STUDY MATERIAL START

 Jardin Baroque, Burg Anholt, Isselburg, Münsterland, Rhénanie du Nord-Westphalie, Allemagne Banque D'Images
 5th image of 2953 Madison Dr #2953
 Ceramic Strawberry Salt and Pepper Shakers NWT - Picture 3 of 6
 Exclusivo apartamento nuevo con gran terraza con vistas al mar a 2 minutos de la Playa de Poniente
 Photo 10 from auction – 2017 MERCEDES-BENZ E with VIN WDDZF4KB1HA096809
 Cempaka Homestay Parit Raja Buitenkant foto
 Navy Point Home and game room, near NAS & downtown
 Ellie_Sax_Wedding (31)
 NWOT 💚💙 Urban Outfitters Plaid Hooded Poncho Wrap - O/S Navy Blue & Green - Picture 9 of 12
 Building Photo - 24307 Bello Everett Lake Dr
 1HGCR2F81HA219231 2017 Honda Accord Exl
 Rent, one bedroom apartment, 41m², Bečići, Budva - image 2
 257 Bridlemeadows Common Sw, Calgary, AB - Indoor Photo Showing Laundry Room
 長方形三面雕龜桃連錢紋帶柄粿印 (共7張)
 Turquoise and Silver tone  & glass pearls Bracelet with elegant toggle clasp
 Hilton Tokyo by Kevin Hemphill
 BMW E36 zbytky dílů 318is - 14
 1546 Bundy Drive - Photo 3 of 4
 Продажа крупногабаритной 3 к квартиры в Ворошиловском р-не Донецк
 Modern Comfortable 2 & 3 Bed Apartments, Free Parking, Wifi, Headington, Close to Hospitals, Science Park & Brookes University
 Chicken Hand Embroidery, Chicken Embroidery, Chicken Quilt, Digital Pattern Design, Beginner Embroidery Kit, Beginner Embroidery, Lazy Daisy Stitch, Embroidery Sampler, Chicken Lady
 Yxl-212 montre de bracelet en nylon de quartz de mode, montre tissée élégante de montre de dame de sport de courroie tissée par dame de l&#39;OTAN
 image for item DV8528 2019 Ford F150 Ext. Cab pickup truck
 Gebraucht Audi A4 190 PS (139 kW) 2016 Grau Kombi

STUDY MATERIAL END

With the line containing "Ceramic Strawberry Salt" as the last one, please set down exactly the lines of the records above from their very first line, and nothing more.

EXERCISE OUTPUT:
 Jardin Baroque, Burg Anholt, Isselburg, Münsterland, Rhénanie du Nord-Westphalie, Allemagne Banque D'Images
 5th image of 2953 Madison Dr #2953
 Ceramic Strawberry Salt and Pepper Shakers NWT - Picture 3 of 6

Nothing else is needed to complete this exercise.